Even though secondary data have some inherent limitation, but I have tried to collect information from reliable sources such as company’s annual report. I have also kept in mind that the company may be biased in providing information. Therefore, I have verified my information with some published renowned newspapers, some books and articles.
Analysis and Research
Financial Ratio analysis allows the researcher to make a considerable decision or a considerable opinion about the performance of one company against another. To the basis of this I have included all of the relevant formulas in Appendix 2 and I have also included the calculations of the ratios in Appendix 1 and the research will now set to make general financial assessment how Santander is performing over the HSBC over the past three years.

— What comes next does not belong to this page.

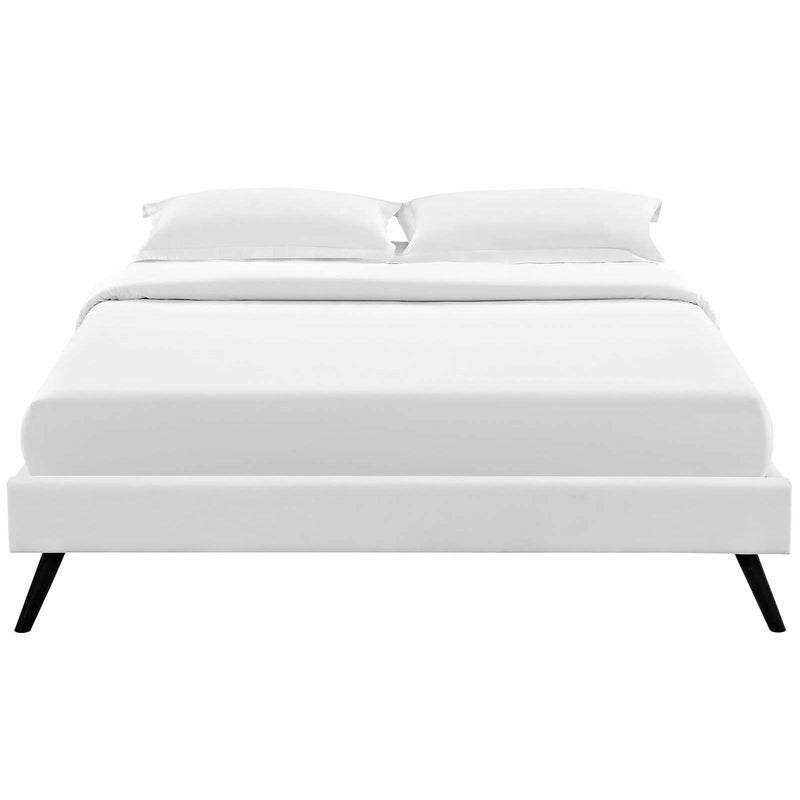 Modway Furniture King Bed Frame MOD-5892-WHI IMAGE 4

Profitability ratios determines the organization’s ability to deliver profits where profit very essential for providing funds for investment in the business and giving the investors’ return, they required. Profitability ratios provide many different measures of the favorable outcome of the organization at generating profits. The mostly common ratios for profitability are Profit margin, return on capital employed, return on shareholders’ funds and return on asset.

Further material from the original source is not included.